# Looking at 5-minute pre-dispatch demand forecast errors in 2021

In this example, we will take a look at 5-minute pre-dispatch ({term}`5MPD`) demand forecast "error" (the difference between actual and forecasted demand) for 2021. AEMO runs {term}`5MPD` to provide system and market information for the next hour.

We'll look at forecast "error" on a NEM-wide basis; that is, we will sum actual scheduled demand across all NEM regions and then compare that to the sum of forecast scheduled demand across all NEM regions. 

The code below could be modified to do this analysis on a region by region basis.

## Key imports

In [1]:
# standard libraries
from datetime import datetime, timedelta
from dateutil.relativedelta import relativedelta
from pathlib import Path
import multiprocessing as mp

# NEM data libraries
# NEMOSIS for actual demand data
# NEMSEER for forecast demand data
import nemosis
from nemseer import compile_data, download_raw_data, generate_runtimes
from nemseer.data import DATETIME_FORMAT

# data wrangling libraries
import numpy as np
import pandas as pd

# interactive plotting
import plotly.express as px
import plotly.io as pio

# progress bar for error computation
from tqdm.autonotebook import tqdm

# supress logging from NEMSEER and NEMOSIS
import logging

logging.getLogger("nemosis").setLevel(logging.WARNING)
logging.getLogger("nemseer").setLevel(logging.ERROR)

## Defining our analysis start and end dates

In [2]:
analysis_start = "2021/01/01 00:05:00"
analysis_end = "2022/01/01 00:00:00"

## Obtaining actual demand data from `NEMOSIS`

We will download `DISPATCHREGIONSUM` to access the `TOTALDEMAND` field (actual scheduled demand).

We'll first download the data we need and cache it so that it's ready for computation.

In [3]:
nemosis_cache = Path("nemosis_cache/")
if not nemosis_cache.exists():
    nemosis_cache.mkdir()

In [4]:
nemosis.cache_compiler(
    analysis_start, analysis_end, "DISPATCHREGIONSUM", nemosis_cache, fformat="parquet"
)

## Obtaining forecast demand data from `NEMSEER`

We will download `REGIONSOLUTION` to access the `TOTALDEMAND` field in `P5MIN` forecasts.
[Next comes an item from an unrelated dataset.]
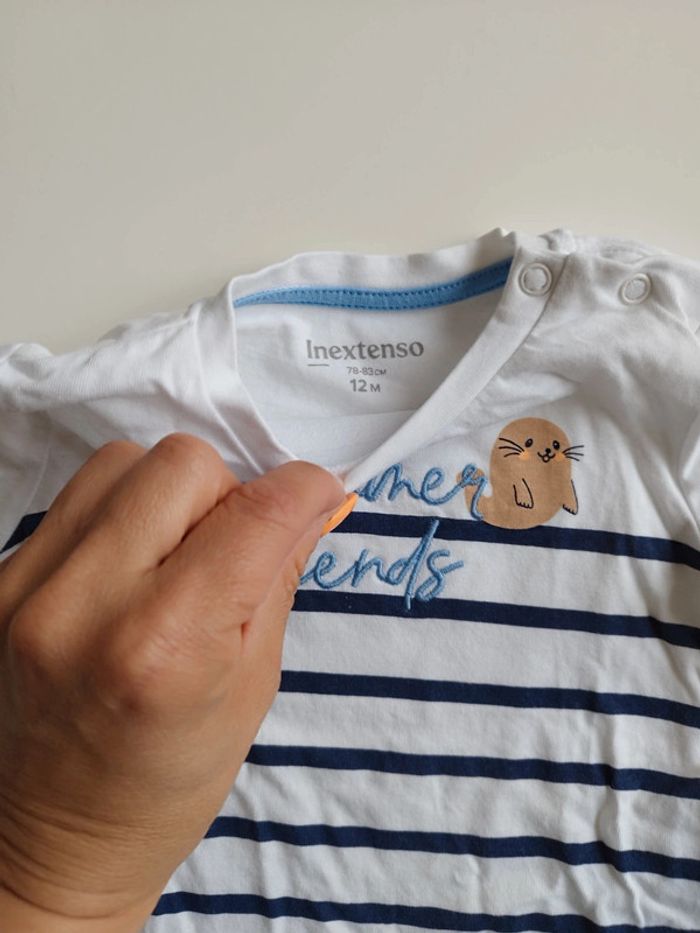 Lot tee-shirt bébé garçon - photo numéro 9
We'll first download the data we need and cache it so that it's ready for computation.

In [5]:
download_raw_data(
    "P5MIN",
    "REGIONSOLUTION",
    "nemseer_cache/",
    forecasted_start=analysis_start,
    forecasted_end=analysis_end,
)

## Calculating forecast error

Below we calculate demand forecast error for `P5MIN` forecasts using forecast demand data and actual demand data.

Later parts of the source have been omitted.